This invention relates to building structures and the construction and erection of prefabricated buildings. In particular this invention relates to prefabricated buildings utilising prefabricated steel framing such as relocatable buildings.
In our earlier International Patent Application No. PCT/AU 94/00335 there is disclosed a prefabricated building system in which a plurality of similar wall panel frame sections are arranged with the frame side members of adjacent wall panel frame sections adjacent but spaced apart by joining members located therebetween and rigidly fastening the frame side members to one another. The spaced interconnected side frame members define vertical load paths centered on the space between the frame side members. The top and bottom joining member extend vertically beyond the frame side members for interconnection to complementary frame members thereabove or therebelow. Suitably the load paths align with grid lines of a fixed floor plan grid whereby wall panel sections are medially intersected by respective vertical grid planes. This arrangement enables standardisation and economical fabrication of close tolerance steel framed panels sections.
Our present system provides significant advantages over existing systems especially in freedom of layout/roof design without sacrificing the advantages provided thereby. However it does not specifically address the provision of relocatable or remote area accommodation such as is required for mines or to facilitate cost effective provision of comfortable housing in underdeveloped areas.
Preferably such relocatable accommodation is able to be containerised for transport to or from erection sites where erection and local transport may be accomplished using unskilled labour and with minimum requirement for mechanised assistance such as cranes and concrete batching plants.
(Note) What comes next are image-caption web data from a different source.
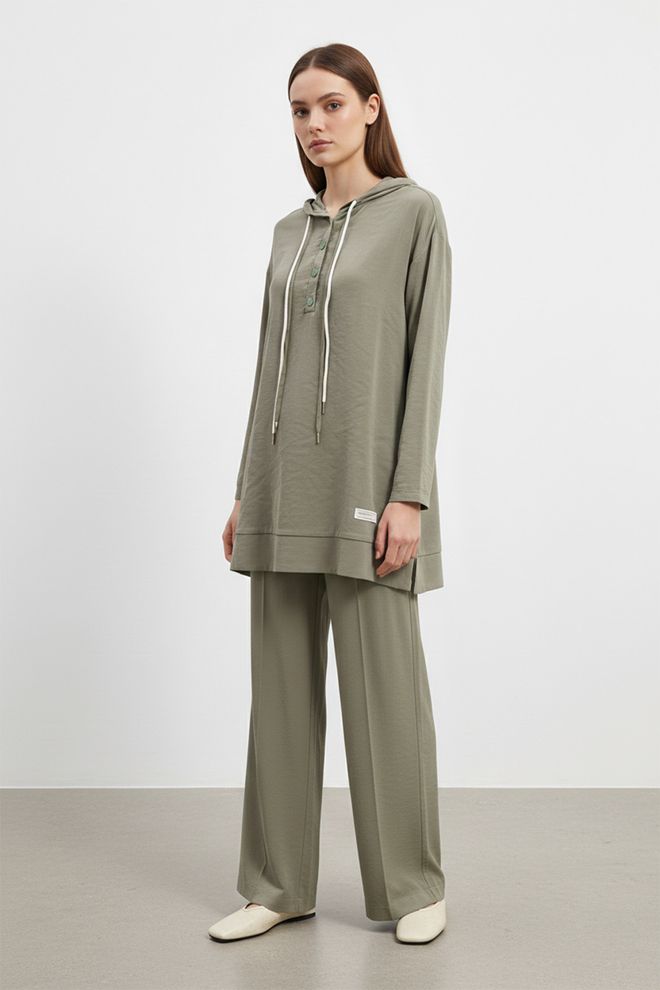 Puane Kaki Oversized Fit Skromný Set Palazzo Veľkoobchod s oblečením Skromný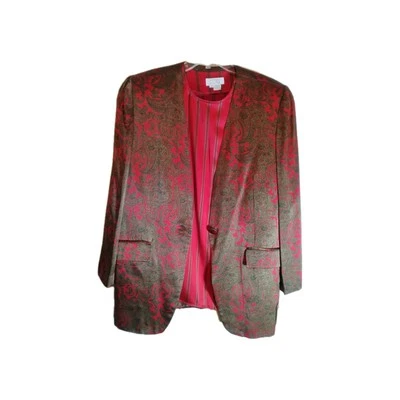 Vintage Doncaster 100% Silk Paisley Blazer & Long Sleeve Striped Top Set - Image 1 of 4
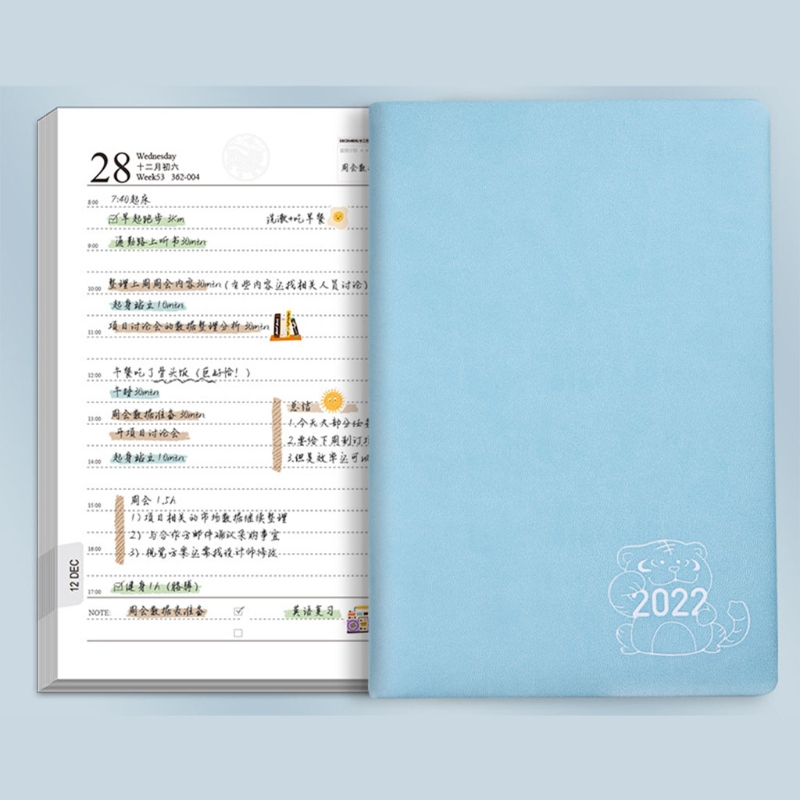 T8DB 2022 Daily Planner Appointment Diary with Hourly Timetable Ribbon Bookmark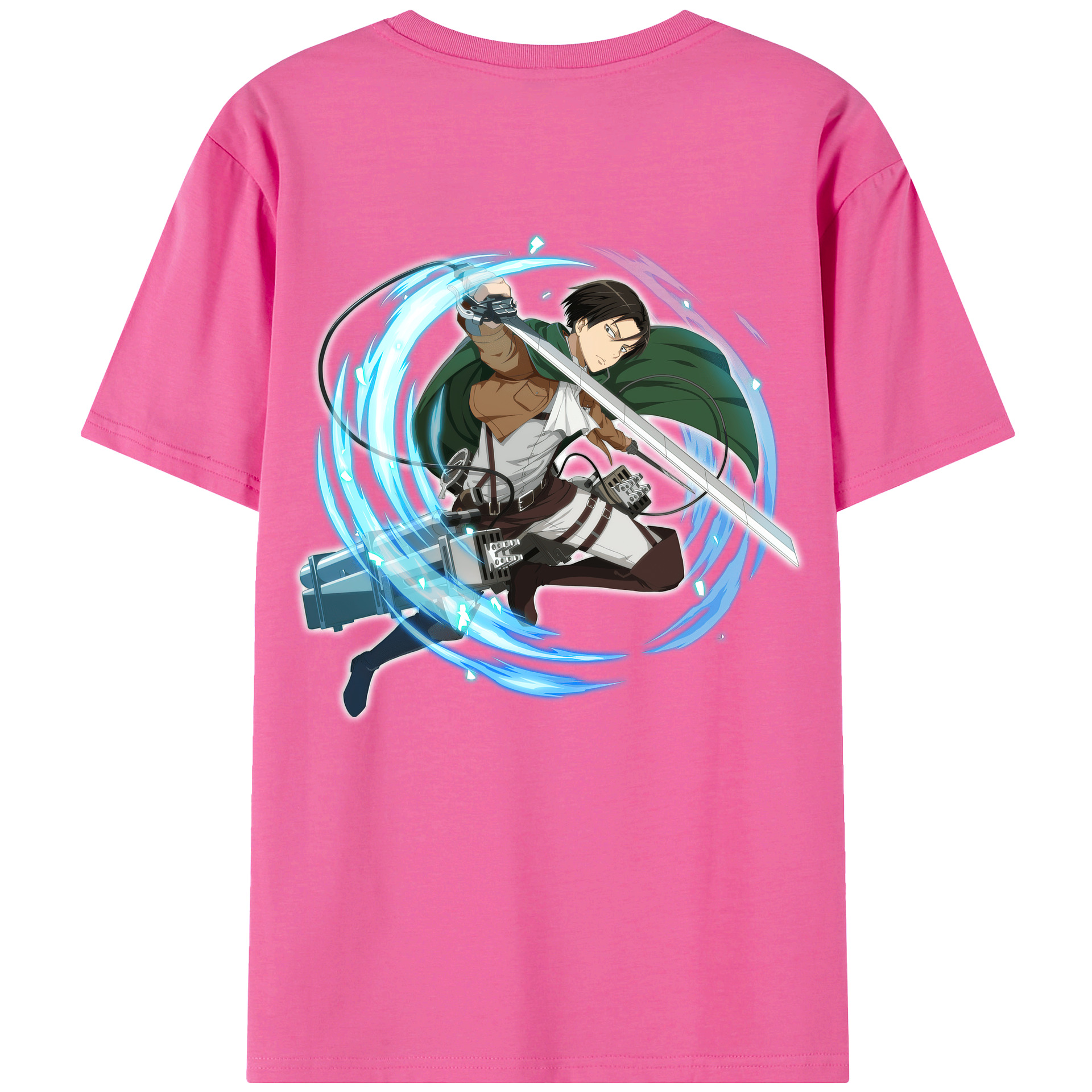 （画像用） 進撃の巨人 リヴァイ·アッカーマン Attack on Titan Levi Ackerman レディース半袖Tシャツ(バックプリント)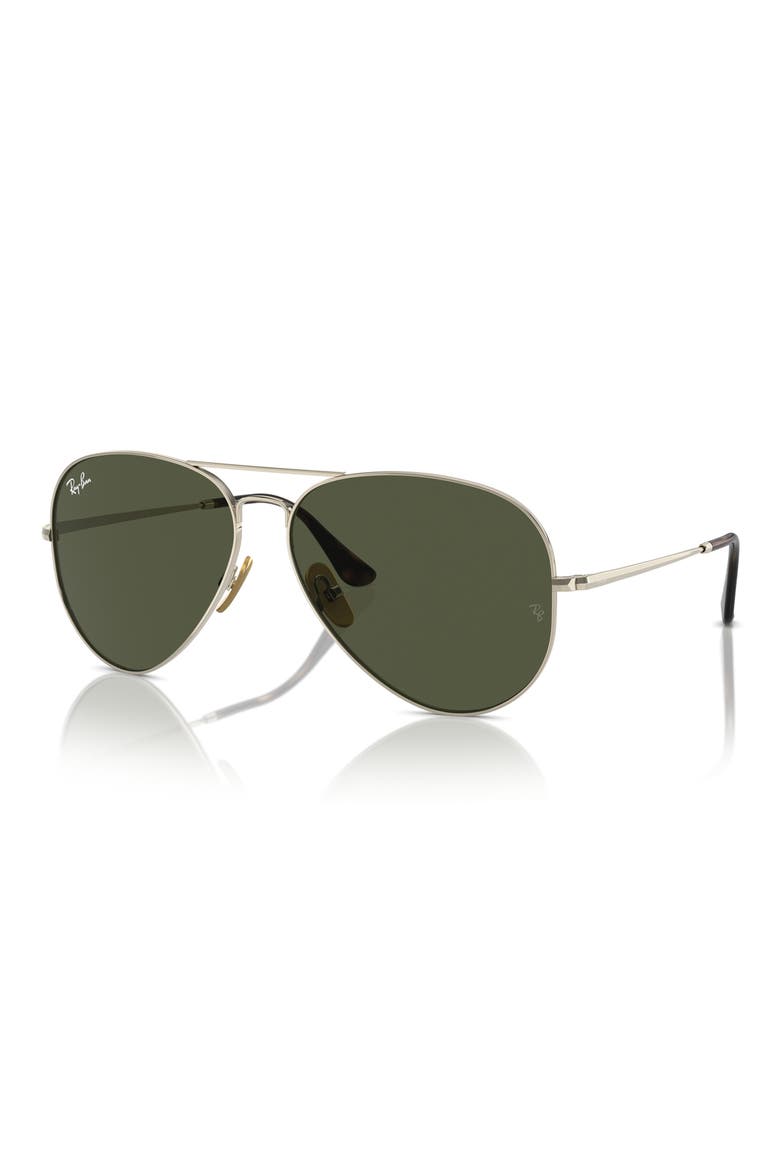 58mm Pilot Aviator Sunglasses, Alternate, color, GOLD FLASH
It is also preferred that the building panels be pre-sheeted and have window and door frames installed and services where possible.
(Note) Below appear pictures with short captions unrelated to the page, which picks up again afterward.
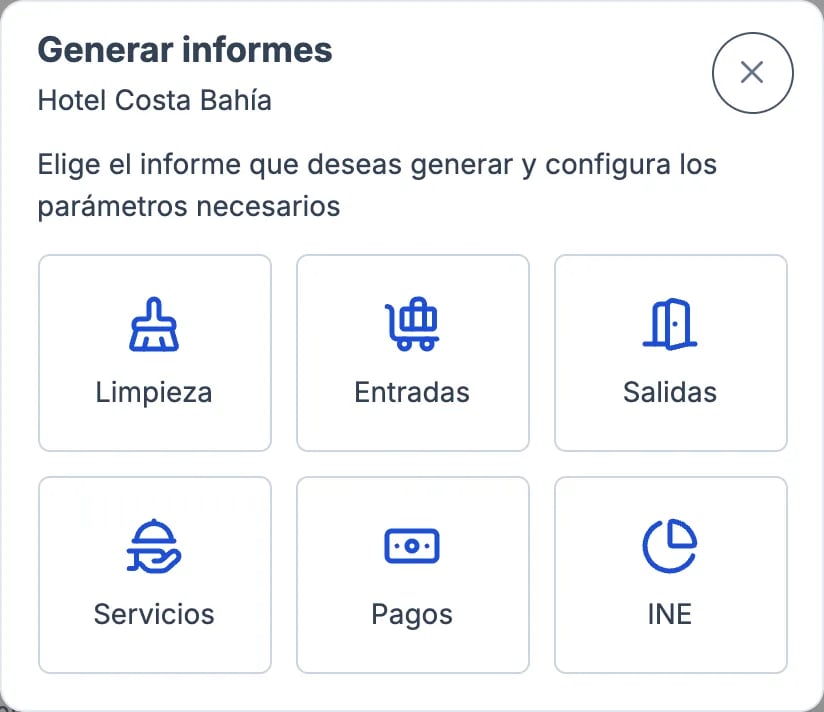 Generate reports window with the Cleaning, Check-ins, Check-outs, Services, Payments and INE reports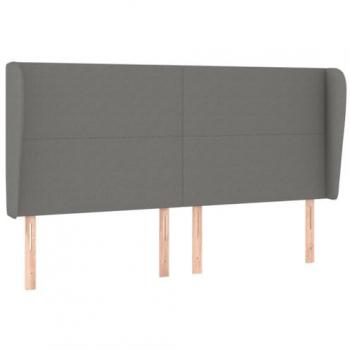 Cabecero con orejas de tela gris oscuro 163x23x118/128 cm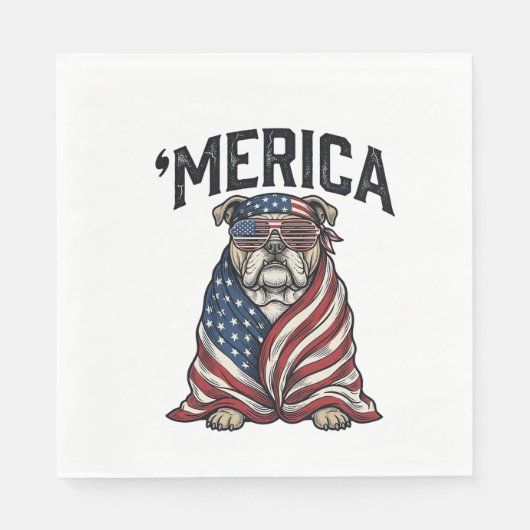Patriotischer Bulldog 'Merica Vintage-Vector-Shirt Serviette (Vorderseite)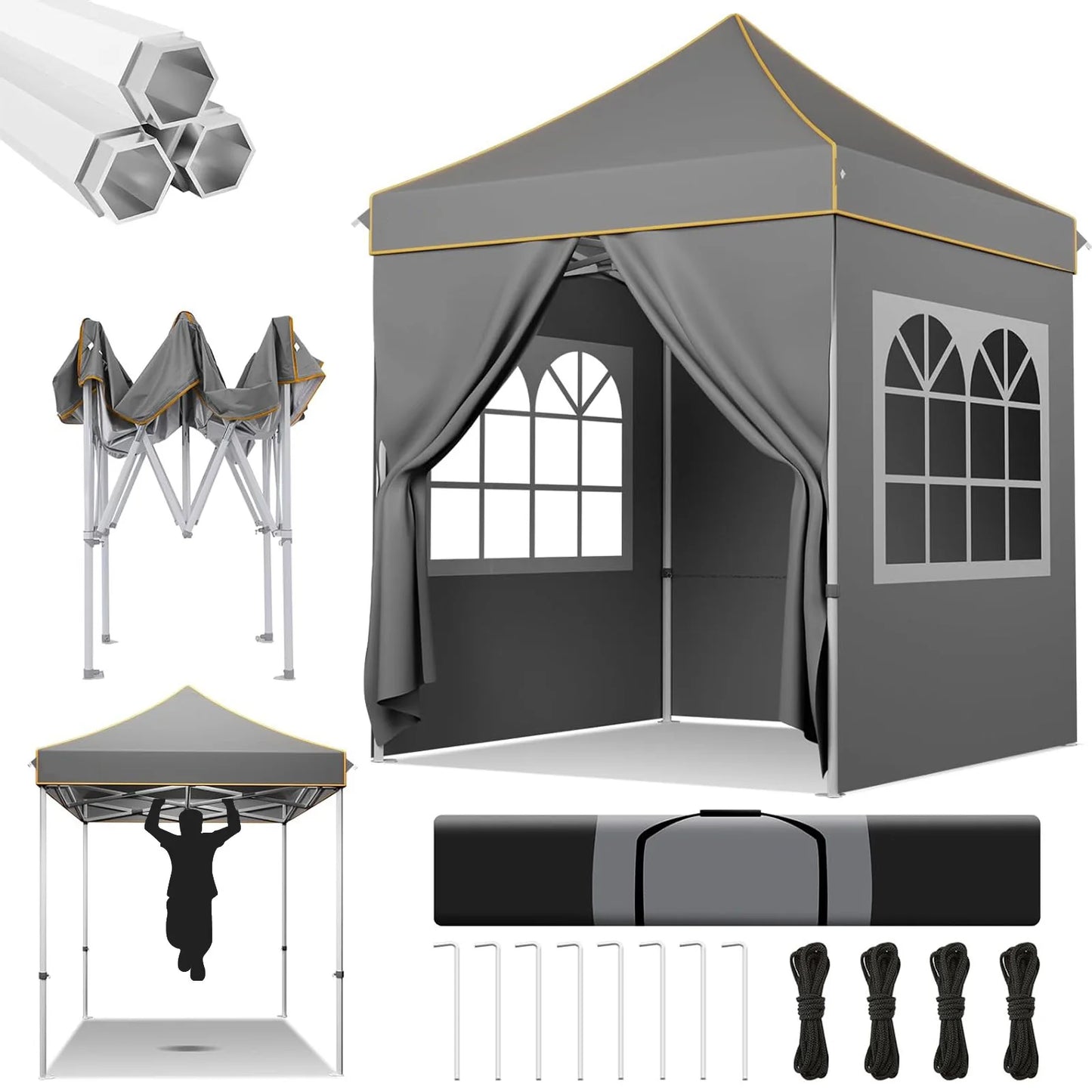 Partytent –  Pop-Up Luifel – Zonnescherm – Overkapping – Tuinpaviljoen – Waterdicht Oxford Doek – Verstelbare Hoogte - 2 x 2 Meter - Grijs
Furthermore in many such applications it is necessary to form accommodation structures which provide individual accommodation units for several persons or groups which are noise insulated from one another by respective walls with air gaps
therebetween.
This invention in one aspect resides broadly in a relocatable building structure formed from transportable prefabricated panels including:- wall, floor and/or roof panels each formed from one or a plurality of panel sections; the respective panel sections include frame side members which are joined together during erection , either directly or indirectly, through joining members positioned between said frame side members to form the wall panels, the floor panels and/or the roof panels; the joining members joined to the ends of the wall frame side members extend beyond the joined wall panel sections and provide the interconnection to the floor and roof panels, being joined to the frame side members thereof, and selected wall panel sections being hingedly connected to selected floor panel sections such that they may be raised pivotally one after the other from a stacked overlying position to their operative standing positions. The joining members may provide opposed threaded apertures into which the wall frame side members may be bolted for direct connection to one another.
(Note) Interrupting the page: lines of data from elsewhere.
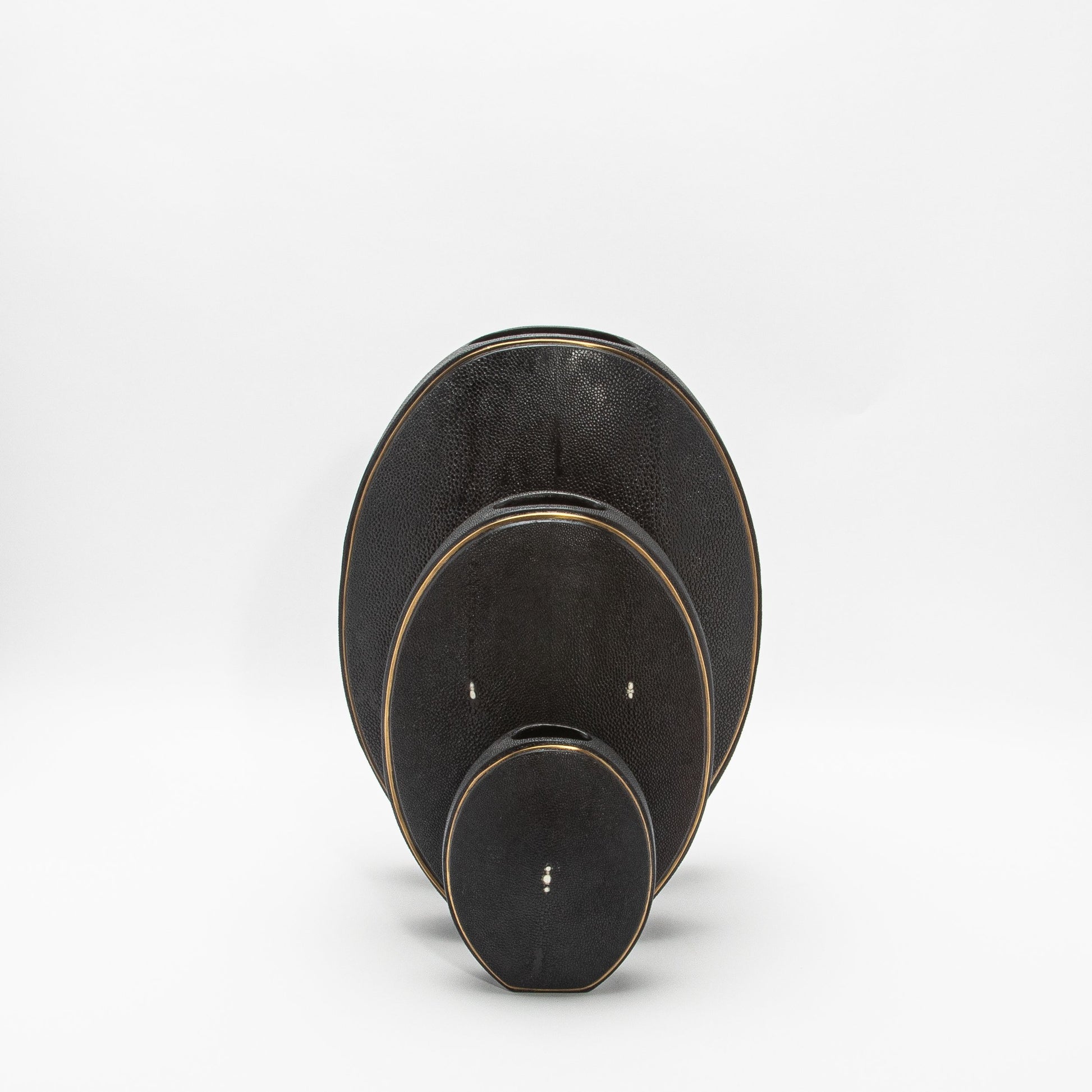Vase in Black Shagreen with Brass by R&Y Augousti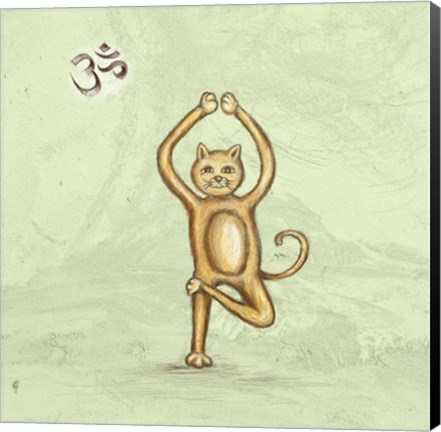 Framed Yoga Cat III Print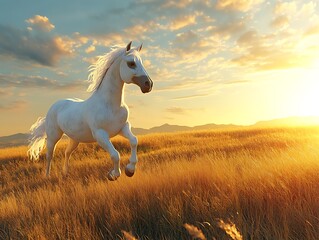 Obraz na płótnie Canvas Horse Running Freely at Sunset over Grassland. Ideal for nature, freedom, and inspirational backgrounds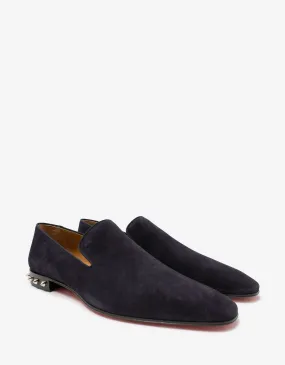 Christian Louboutin Marquees Ocean Blue Suede Leather Loafers -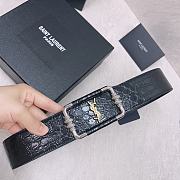 YSL Monogram Crocodile Embossed Leather Vintage Belt Black 45mm - 2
Alternatively there may be provided as a separate joining member associated with each wall frame side member which extends beyond the beyond the joined wall panel sections and provide the interconnection to the floor and/or roof panels, the separate joining members joining the wall frame side members together indirectly by joining the respective wall frame side members to joined frame side members of the floor and/or roof panels. In the context where it admits such a structure, a reference to a roof panel may be taken as a reference to a ceiling panel.
The separate joining panels which join the wall frame side members to the floor panels may form the hinge parts mounted on the wall panel sections of the hinge connection between the wall panel sections and the floor panel sections.
Preferably the hinge mechanisms or mountings therefore reside alongside the frame side members and/or in the space between the adjacent frame side members of mating panel sections whereby the hinge mechanism or mountings therefore in the erected structure may reside concealed between the opposed faces of the erected panels. Alternatively temporary hinges which are removable after erection may be used
to elevate the wall panel sections to their operative positions.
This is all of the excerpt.